Genève (awp) - Les prix de l'immobilier résidentiel devraient rester stables jusqu'à fin 2020 en Suisse. Une offre abondante, des conditions d'accès plus strictes à la propriété et la faible croissance économique sont de nature contrebalancer les effets des taux historiquement bas, selon une étude d'Edmond de Rothschild.

Les prix de l'immobilier résidentiel (biens habités et non loués par le propriétaire) ont pris l'ascenseur entre le milieu de l'année 2011 et mi-2018, alimentés notamment par des taux d'emprunts hypothécaires de plus en plus bas et par une croissance régulière de la population due à l'immigration, de quelque 70'000 habitants en moyenne par année sur dix ans.

Mais la donne est en train de changer, selon l'étude publiée mercredi et commentée pour AWP par son auteur, Jean-Christophe Delfim, économiste zone euro et recherche marchés immobiliers chez Edmond de Rothschild. "Un taux de vacance élevé maintiendrait une pression à la baisse sur les prix. Nous prévoyons que ceux-ci resteront plus stables jusqu'à la fin de l'année prochaine, avec même un léger recul (-0,35%) en glissement annuel sur 2019", relève le spécialiste.

La Suisse retrouverait ainsi une situation d'apparence similaire à celle d'après la crise de 2009, où les prix des biens construits avaient stagné pendant deux ans avant de prendre l'ascenseur: +15,3% sur un an dès le 2e trimestre 2011, puis une croissance moyenne de 2,7% en glissement annuel jusqu'au 2e trimestre 2018. "Mais aujourd'hui, l'offre commence à devenir excédentaire, l'inflation est très faible, et il faudrait de nouveaux relais de croissance pour faire que les prix progressent encore", constate M. Delfim.
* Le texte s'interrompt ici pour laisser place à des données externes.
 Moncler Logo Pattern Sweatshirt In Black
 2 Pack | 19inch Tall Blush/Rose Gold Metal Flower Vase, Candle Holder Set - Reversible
Tout stagnants qu'ils soient - contrairement à la France, l'Allemagne ou à la Grande-Bretagne où ils devraient poursuivre leur hausse sauf en cas de Brexit sans accord dans le dernier cas -, les prix de l'immobilier résidentiels restent très souvent inaccessibles pour la classe moyenne en Suisse dans les grandes villes, comme l'avaient précédemment démontré d'autres études.

Pierre attractive

Pour M. Delfim, des déséquilibres existent, en raison des prix élevés. "Si les taux venaient à monter, des difficultés (supplémentaires) pourraient survenir pour acquérir ou garder un bien." A l'inverse, l'économiste n'apprécie guère le terme de bulle, qui suggérerait une déconnexion inexpliquée avec les fondamentaux du marché, ainsi qu'un éclatement et une chute des prix. L'offre est certes forte, mais le "capacité constructible" reste faible, à cause des contraintes géographiques et de la nécessité de préserver les sols et l'environnement.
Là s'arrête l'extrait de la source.